§ Work request: Everything from the line containing "顺序表基本操作_第2页" through the last line of the data below must be copied exactly, with no other lines included.
= = = = =
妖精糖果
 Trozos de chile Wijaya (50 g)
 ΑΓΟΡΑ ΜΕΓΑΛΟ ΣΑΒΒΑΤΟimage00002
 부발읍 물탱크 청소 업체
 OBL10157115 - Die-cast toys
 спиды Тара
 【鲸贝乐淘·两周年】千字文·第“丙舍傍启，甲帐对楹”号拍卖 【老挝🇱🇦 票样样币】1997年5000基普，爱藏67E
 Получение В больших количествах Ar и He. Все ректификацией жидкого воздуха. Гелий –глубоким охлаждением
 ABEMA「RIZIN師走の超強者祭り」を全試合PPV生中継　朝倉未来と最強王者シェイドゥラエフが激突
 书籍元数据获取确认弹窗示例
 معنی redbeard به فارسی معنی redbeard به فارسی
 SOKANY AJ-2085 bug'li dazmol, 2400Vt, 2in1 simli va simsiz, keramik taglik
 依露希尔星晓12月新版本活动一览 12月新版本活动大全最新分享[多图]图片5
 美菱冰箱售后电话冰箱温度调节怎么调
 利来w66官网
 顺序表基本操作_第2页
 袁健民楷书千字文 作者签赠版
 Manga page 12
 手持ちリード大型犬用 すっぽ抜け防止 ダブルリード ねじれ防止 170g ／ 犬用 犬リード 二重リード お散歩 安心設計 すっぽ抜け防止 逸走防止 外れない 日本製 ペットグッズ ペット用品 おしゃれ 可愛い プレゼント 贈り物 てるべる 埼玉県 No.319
= = = = =
§ Answer for the task:
 顺序表基本操作_第2页
 袁健民楷书千字文 作者签赠版
 Manga page 12
 手持ちリード大型犬用 すっぽ抜け防止 ダブルリード ねじれ防止 170g ／ 犬用 犬リード 二重リード お散歩 安心設計 すっぽ抜け防止 逸走防止 外れない 日本製 ペットグッズ ペット用品 おしゃれ 可愛い プレゼント 贈り物 てるべる 埼玉県 No.319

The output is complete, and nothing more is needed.